Para os demais perfis de renda, dentro do limite de três salários mínimos per capita, as taxas de juros são fixas e subsidiadas pelo governo, significativamente menores do que as praticadas no mercado financeiro. Essa distinção de juros e as condições de amortização flexíveis são pilares do FIES, desenhados para garantir que a dívida seja compatível com a capacidade de pagamento do formando, evitando que o financiamento se torne um fardo insustentável.

O governo também tem investido em mecanismos de renegociação para estudantes que enfrentam dificuldades financeiras após a formatura. Essas políticas de renegociação são cruciais para manter a saúde do programa e oferecer suporte contínuo aos ex-alunos, permitindo que ajustem seus pagamentos à sua realidade econômica e evitem a inadimplência, preservando o acesso ao crédito para futuras gerações de estudantes.

Por que o FIES 2026 importa para o ensino superior

O FIES em 2026 mantém sua relevância como um dos principais instrumentos de democratização do acesso ao ensino superior no Brasil. Ao oferecer condições facilitadas de financiamento, o programa permite que jovens de diversas camadas sociais, que não teriam condições de arcar com as mensalidades de cursos privados, possam buscar uma formação universitária.

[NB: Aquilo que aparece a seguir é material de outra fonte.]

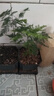 文竹盆栽绿植花卉盆景植物室内客厅水培文松云竹文竹大苗四季常青 小文竹【2棵更实惠】原土球发货 高度15-25cm 实拍图
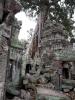 Tempel Ta Prohm 13: 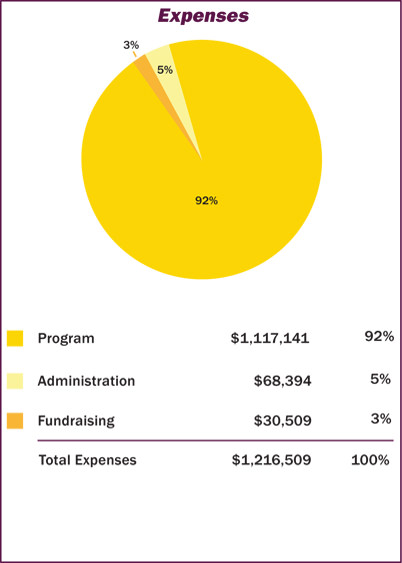 2012-financials-expenses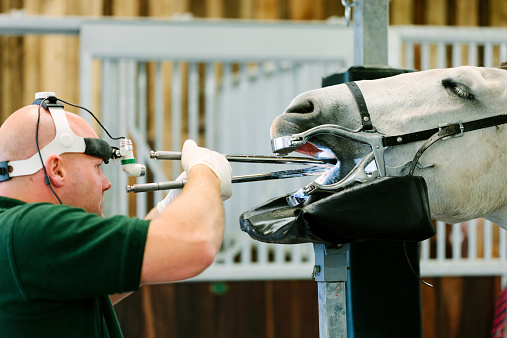 Single Location 52 Equine dentist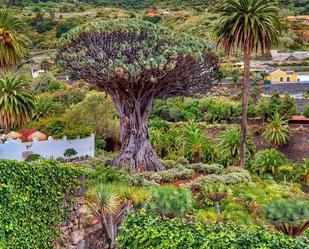Garden of Country house to rent in Icod de los Vinos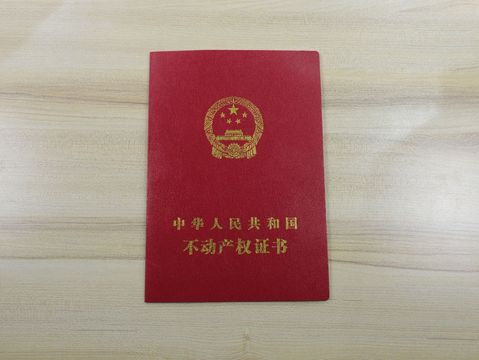 知识产权收益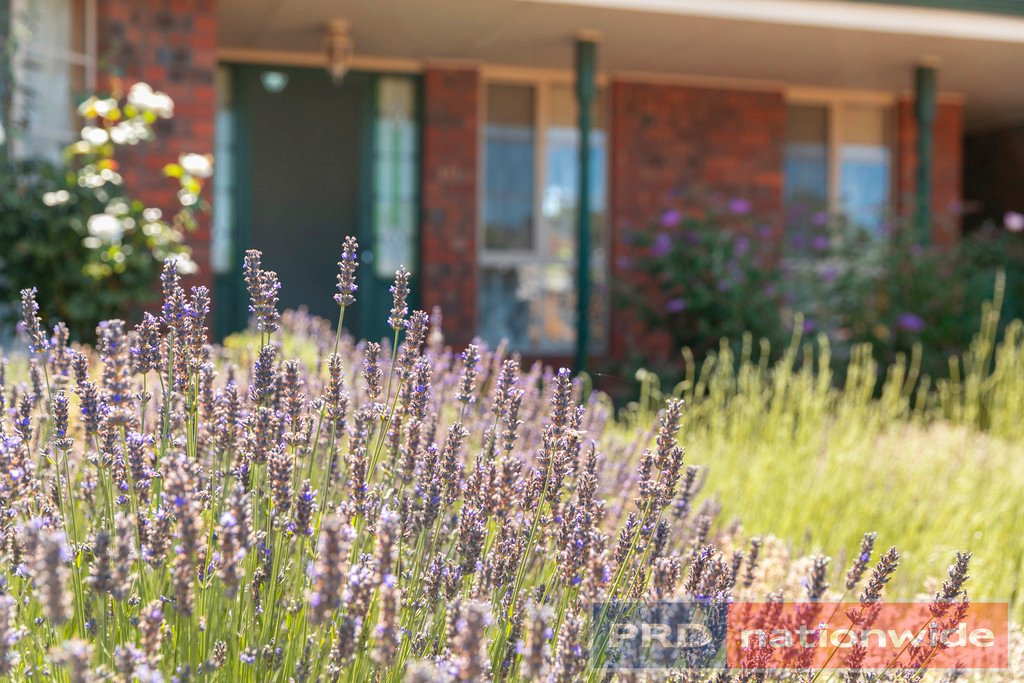 115 Slatey Creek Road INVERMAY PARK 8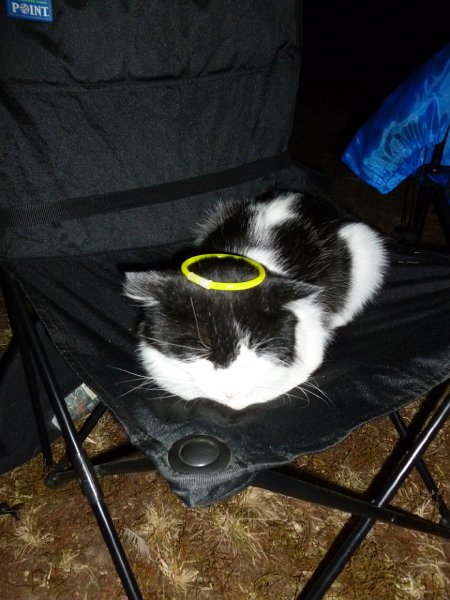 Hayride Oct 2013 071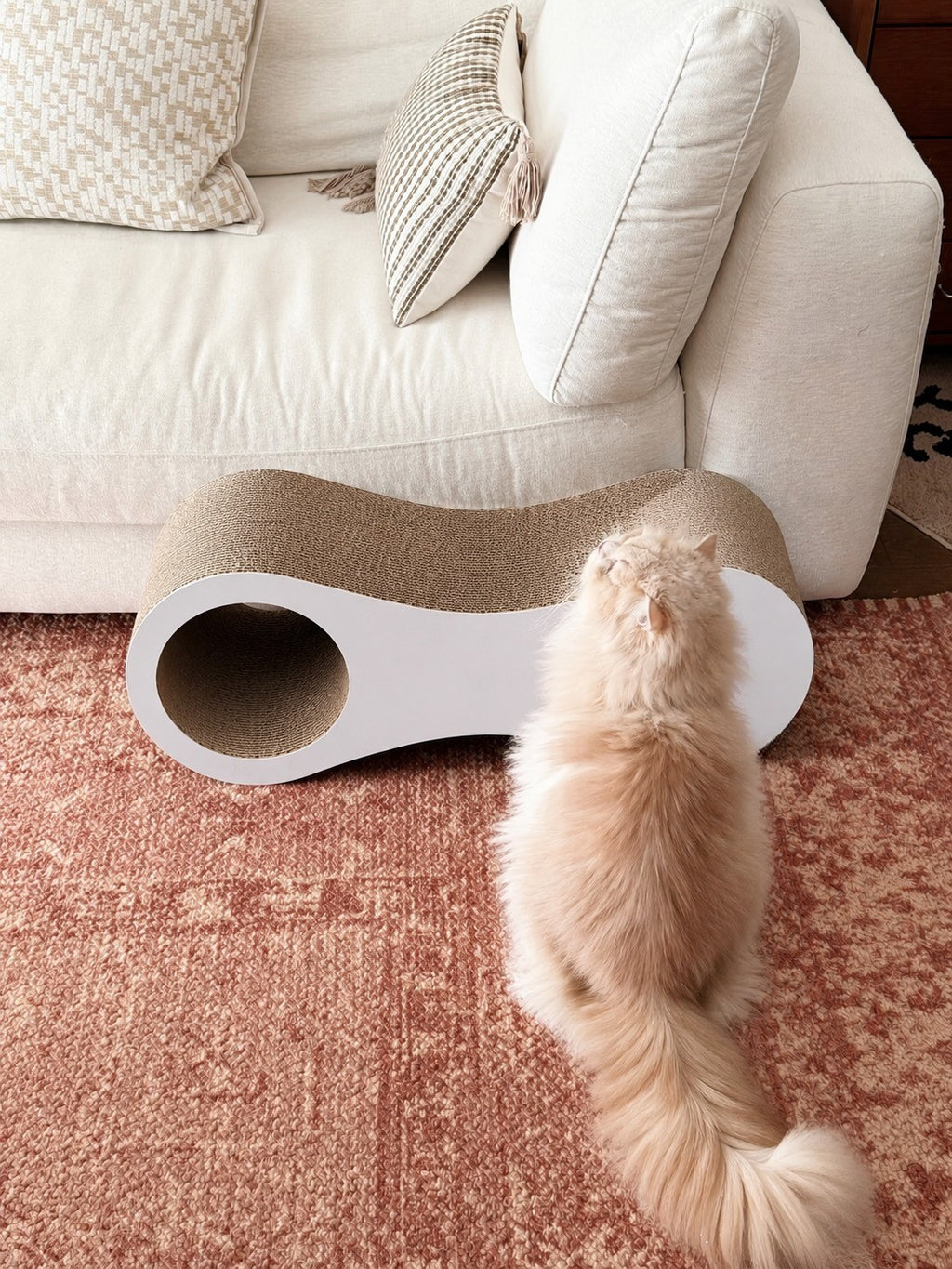 Orbit Path Cat Scratcher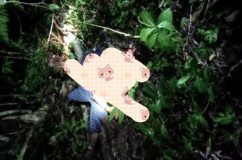 Bocah Kakak Adik Tewas Berpelukan Penuh Luka di Kebun Pesisir Utara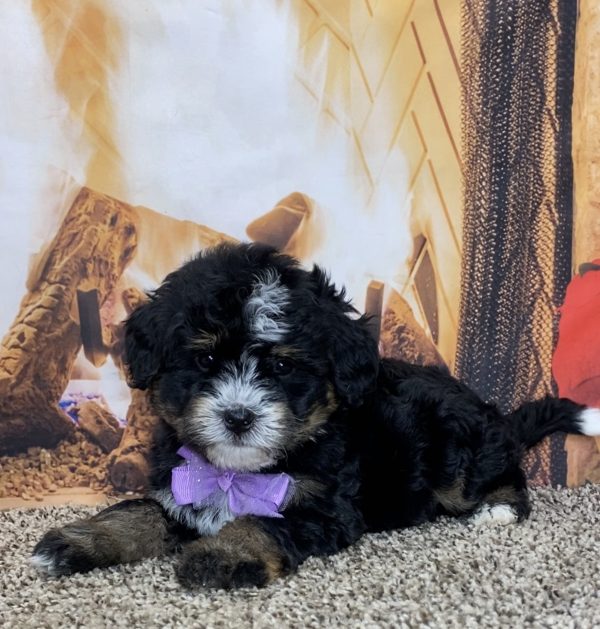 Ms. Timber the Mini-Bernedoodle - Image 4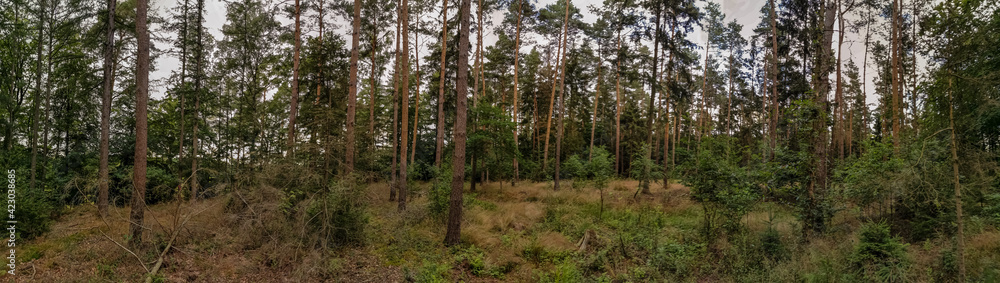 walk in the forest walk in the forest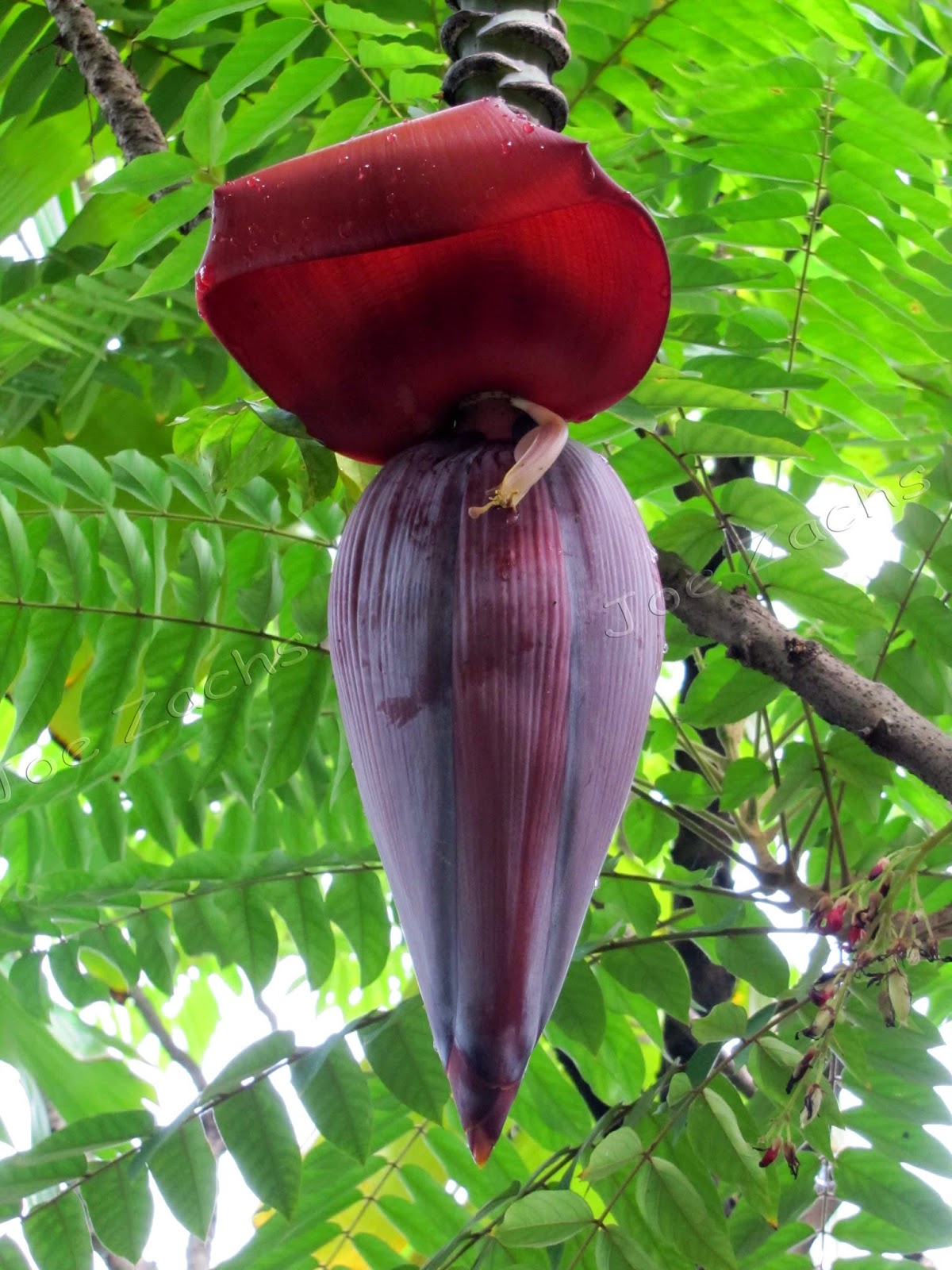 encounter with a super star Drumstick flower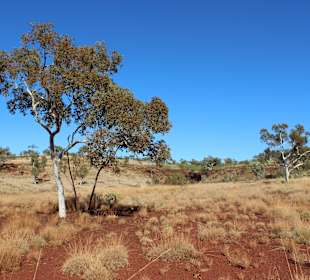 Karijini NP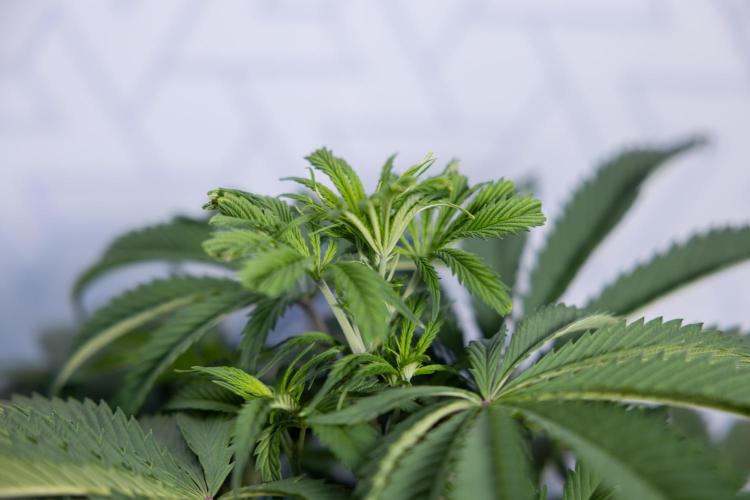 Tropicana Cookies #1 - Zamnesia x B&B. Week 4 - Tropicana Cookies #1 - Fimming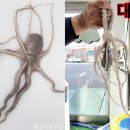 울대마을&황칠오리 네이버블로그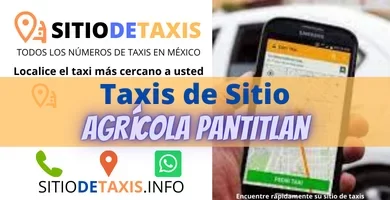taxis agricola pantitlan
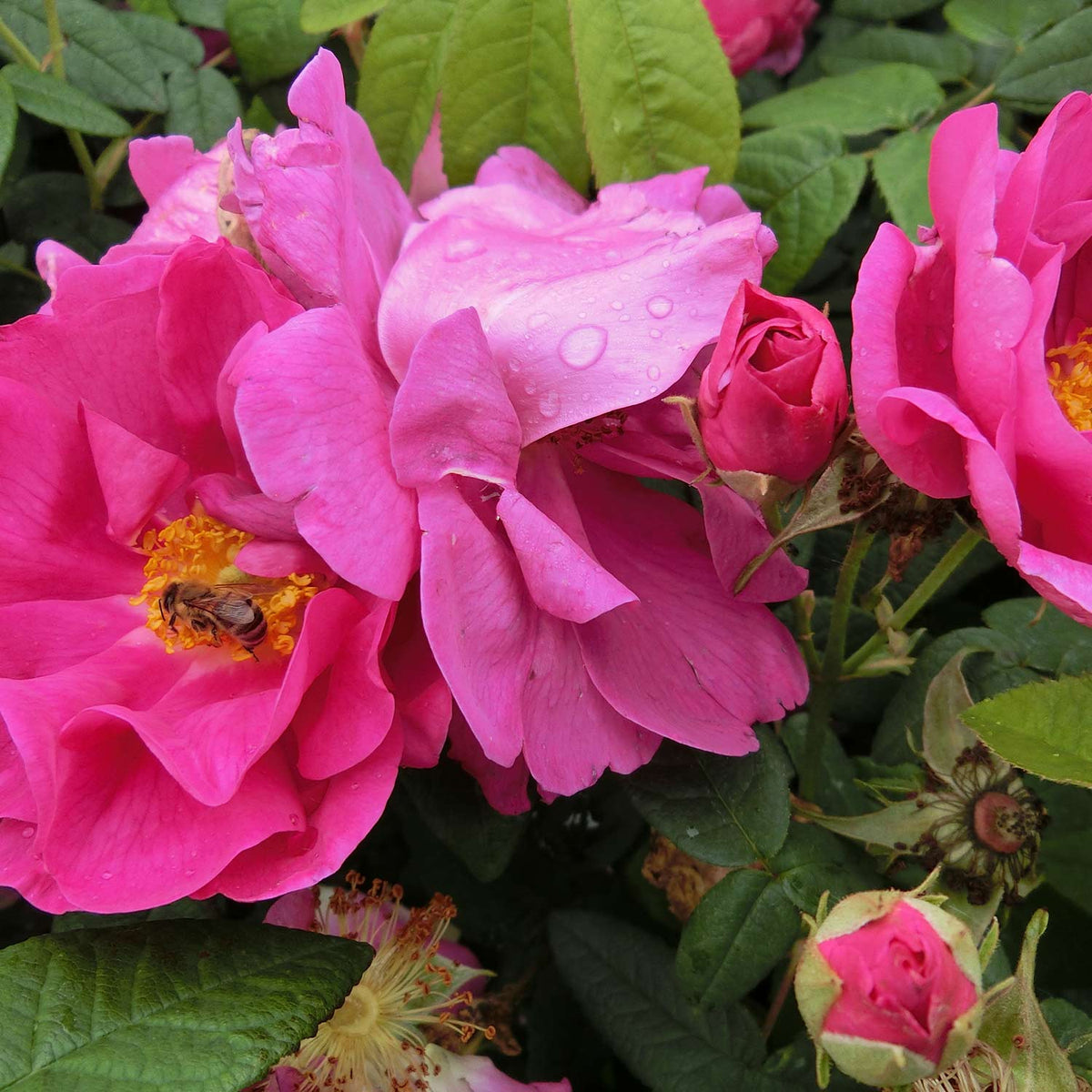 Historische Rose 'Gallica Officinalis'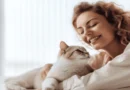 understanding cats lifestyle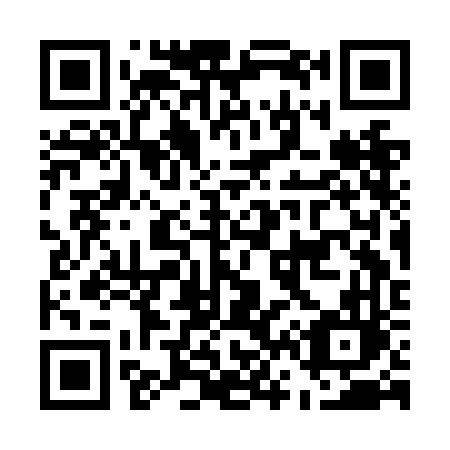 QR code for E63-NFL
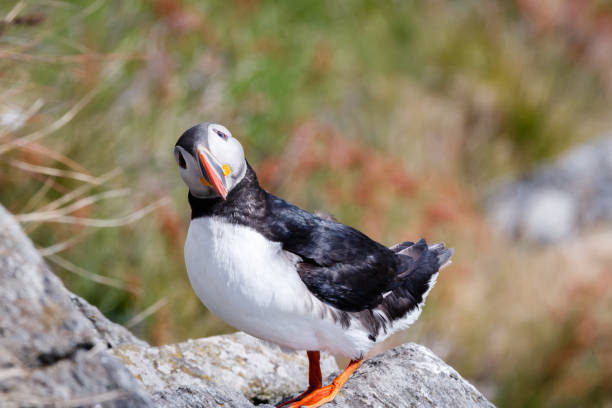 Puffin bird looking towards me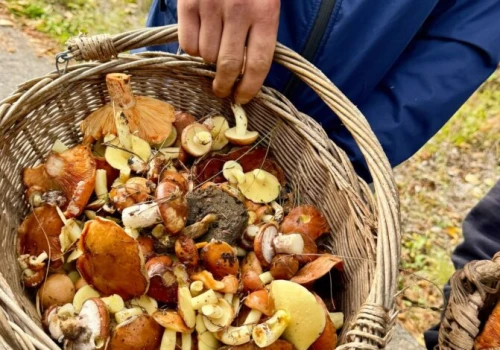 Mokrzesz wygrał pierwszą Bitwę Sołectw w Grzybobraniu. Zebrano ponad 74 kg grzybów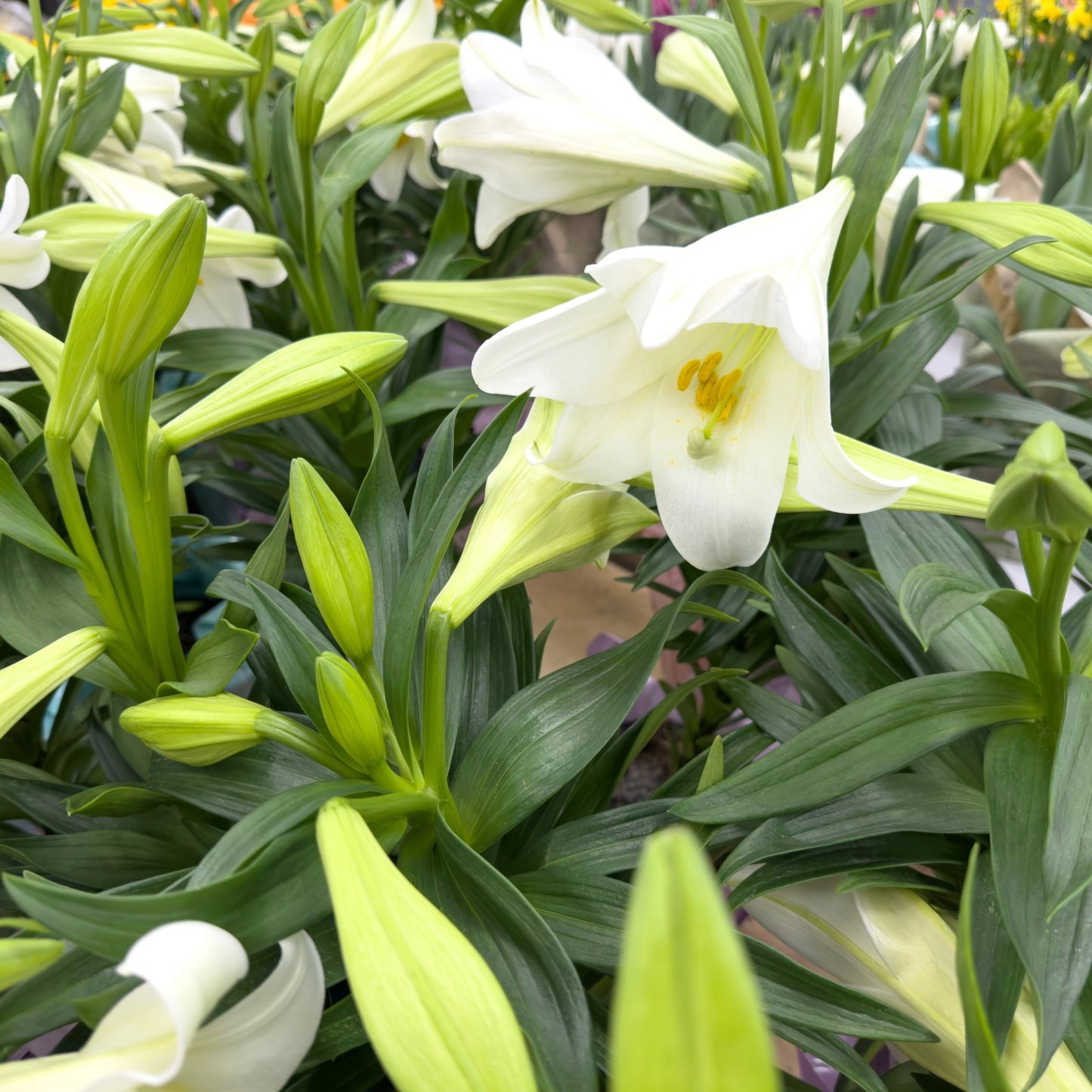 Lilium longiflorum 'Miracle' – Lys de Pâques 'Miracle'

Isso não apenas impulsiona o desenvolvimento individual dos estudantes, mas também contribui para o avanço social e econômico do país como um todo.

A existência do FIES estimula a qualificação da mão de obra, aumenta a produtividade e fomenta a inovação, ao inserir mais profissionais qualificados no mercado. Além disso, o programa fortalece as instituições de ensino superior privadas, garantindo a ocupação de vagas e a sustentabilidade de muitas faculdades e universidades. A cada ano, o FIES se adapta para continuar cumprindo sua missão de transformar vidas por meio da educação, reafirmando seu valor estratégico para o futuro do Brasil.